Here it is - the fabled, mysterious portable NES. You've seen pictures of the Top Guy elsewhere - now find out how it really works!
The above is sort of a poor picture (do I make any other kind?). For one, the Top Guy himself is not African-American; he is actually green. Which is a shame, because I think the Top Guy would have made a great spokesman for racial equality - imagine the peoples of the world, black and white, holding hands and reconciling their difference via pirated Nintendo hardware. Alas, it is not to be, for there just aren't enough Top Guys out there to make this worthwhile. =(
Upon the initial discovery of two found in Hong Kong, most people in the NES community (me included) figured that this discovery would cause more units to seep through the cracks into the hands of collectors. However, this just hasn't happened because - as we found out when the Top Guy was opened - the units themselves are completely soldered and assembled by hand. They couldn't have made more than a few thousand units that way.

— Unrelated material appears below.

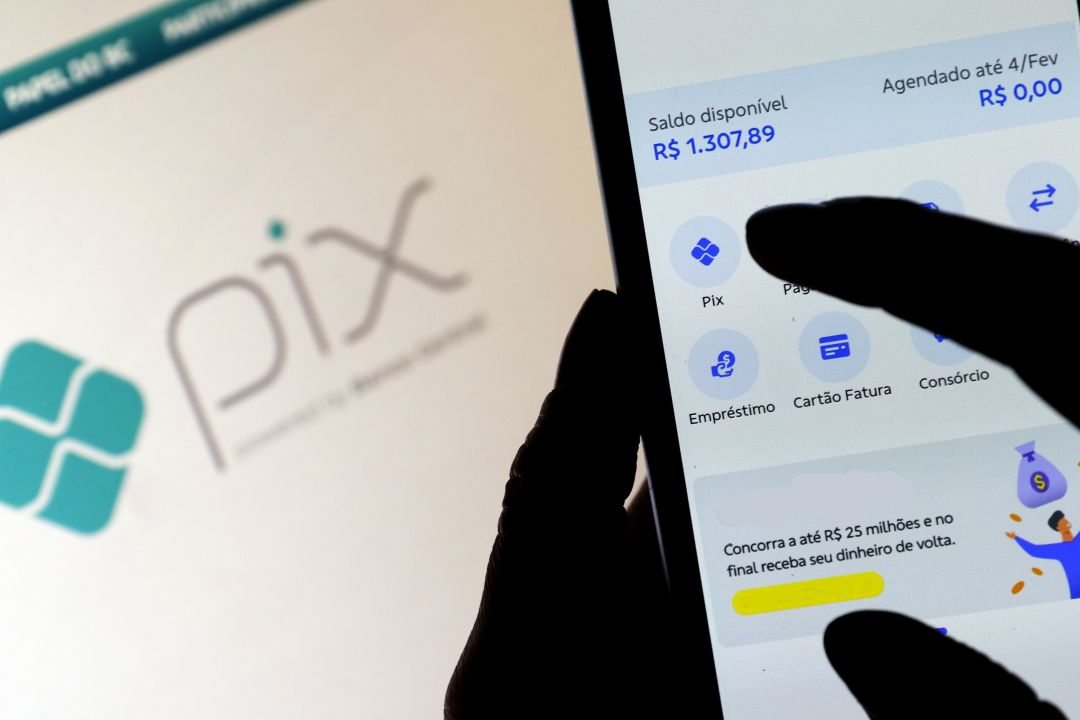 O IPCA, nos últimos doze meses, ficou em 3,81%, abaixo dos 4,44% dos 12 meses imediatamente anteriores. A inflação permaneceu abaixo do limite de tolerância da meta do governo e indicado pelo Banco Central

The Top Guy is a portable NES (Famicom actually, so you'll need an adapter to play NES games). Inside the box is the unit itself and an antenna attachment to let you play games on a TV set, although actually using this results in most TV sets in the vicinity of your home to suddenly display you playing some Nintendo game (which is why the FCC bans things like these, those party poopers).
Adding to the weirdness, the Top Guy actually has two power switches, both of which need to be turned on to play. One simply powers up the liquid-crystal screen, and the other turns on the Guy itself. Why they designed the system like this is beyond me, but there is very little to complain about beyond that little flaw. There are the usual buttons - Start, Select, and regular and turbo A and B, as well as a switch to toggle between using controller one and two. On the side of the unit is a Famicom expansion port, letting you plug in FC controllers and accessories.
The system itself runs perfectly and plays every game, FC and NES, that's been thrown at it. The screen is backlit and the graphics are incredibly clear with very little blurriness. The controls feel more or less all right, but sound is a problem - the Top Guy's one speaker is miniscule and starts distorting music even at low volumes, so it's best to stick to headphones.
Still, it's a very impressive unit and it's a real shame that these are nearly impossible to come by. Other portable-NES models are said to exist around Asia, so it's probably a matter of time before more discoveries are made.